What you return should be the complete data below, word for word, with no pictures in it.

**Collected material:**
--- START ---

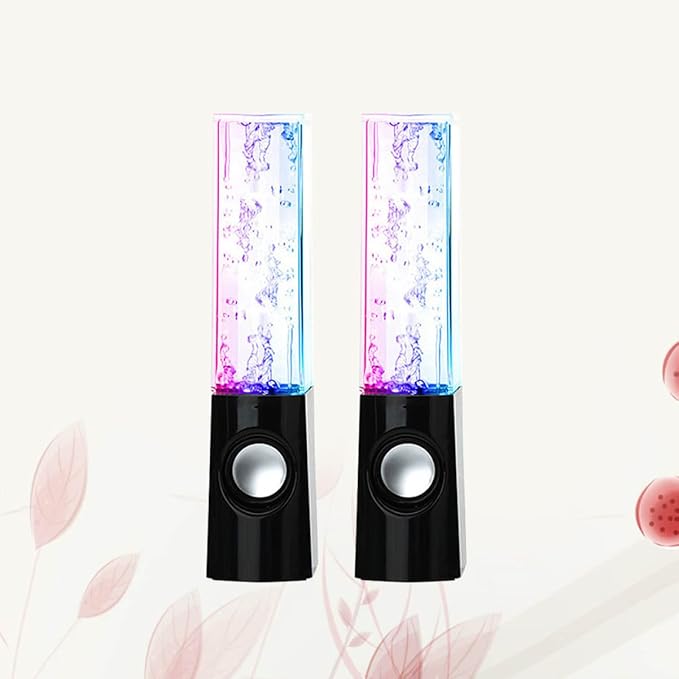 Mobestech 2-in-1 Music Fountain Speaker Computer Desktop Speakers Lights Water Spout Ideal for Home Events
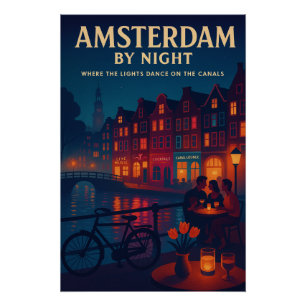 Retro-Reiseplakat: Amsterdamer Nachtleben Poster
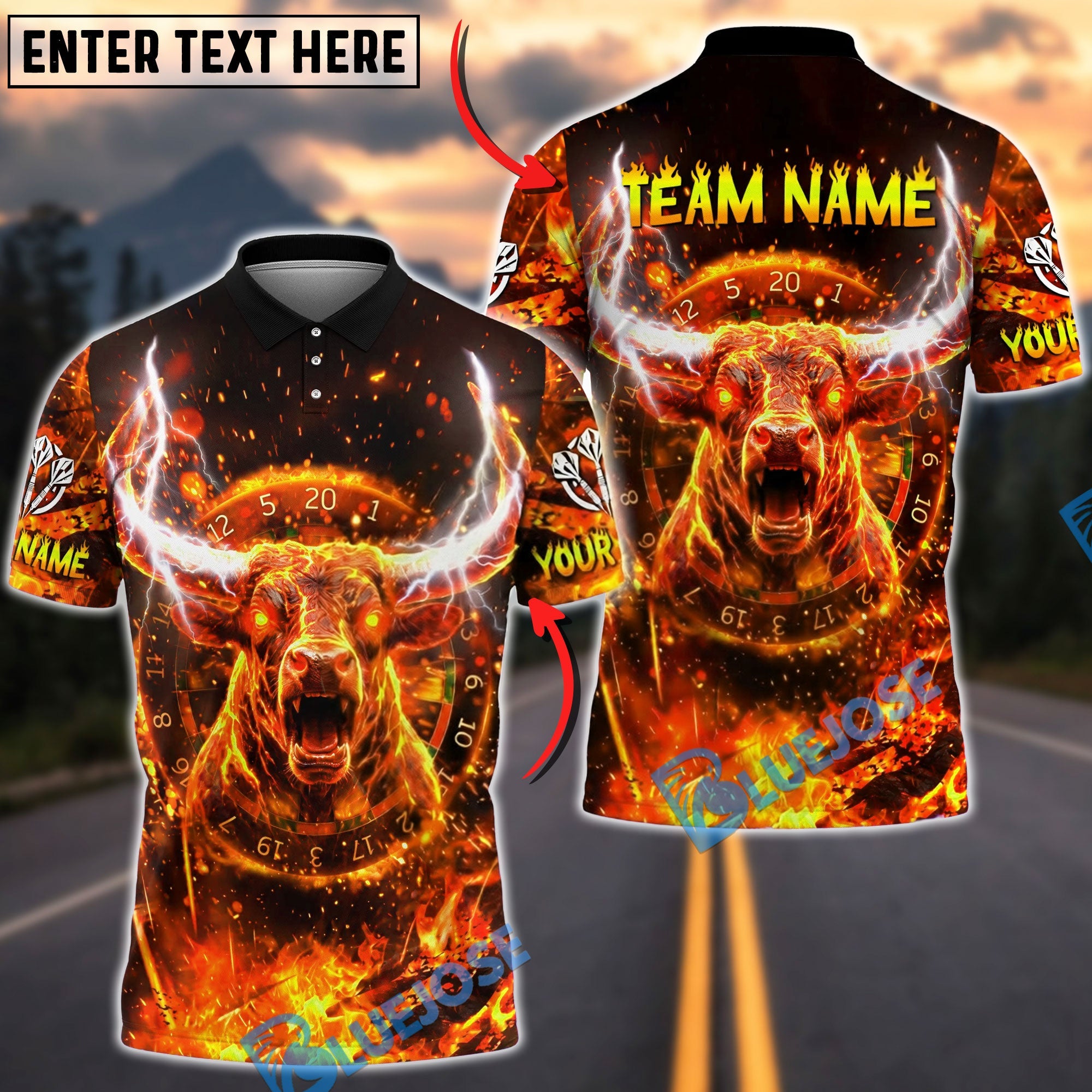 BlueJose Darts Bull Blazing Fire Personalized Name, Team Name Unisex Shirt (4 Colors)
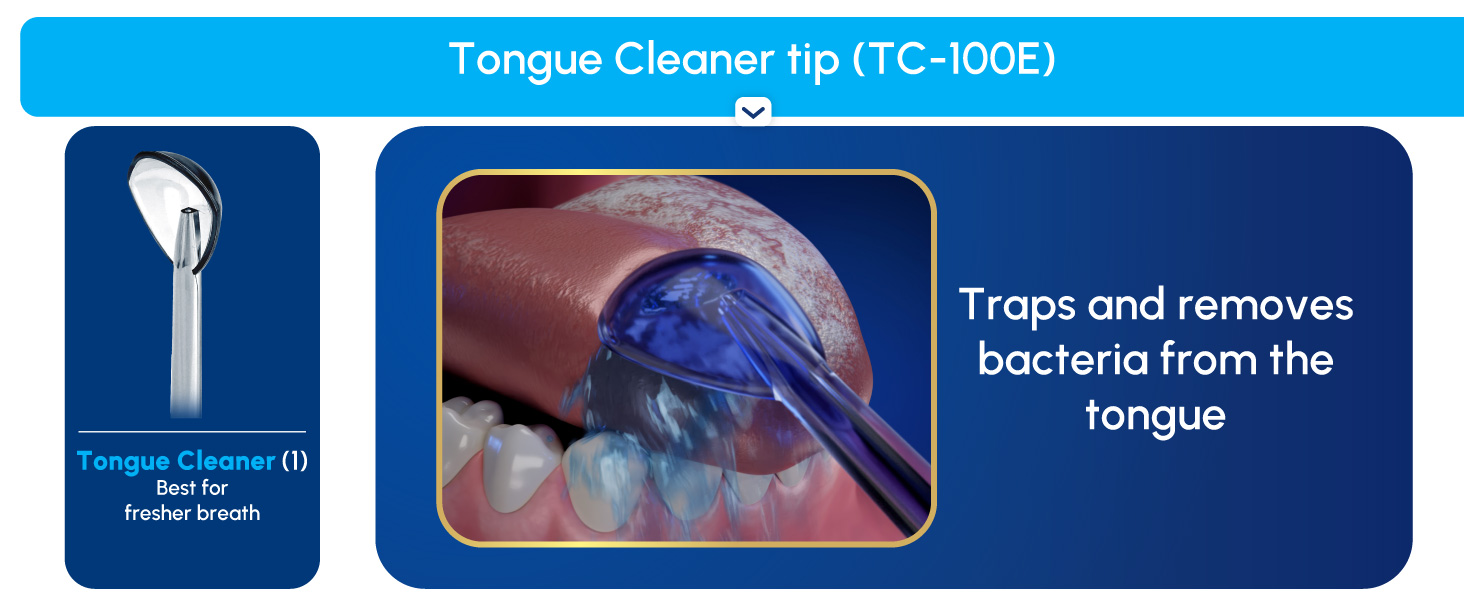 Image of flossing tip with text that says includes 1 Tongue Cleaner tip best for fresher breath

--- END ---

**Output of the task:**
 Mobestech 2-in-1 Music Fountain Speaker Computer Desktop Speakers Lights Water Spout Ideal for Home Events
 Retro-Reiseplakat: Amsterdamer Nachtleben Poster
 BlueJose Darts Bull Blazing Fire Personalized Name, Team Name Unisex Shirt (4 Colors)
 Image of flossing tip with text that says includes 1 Tongue Cleaner tip best for fresher breath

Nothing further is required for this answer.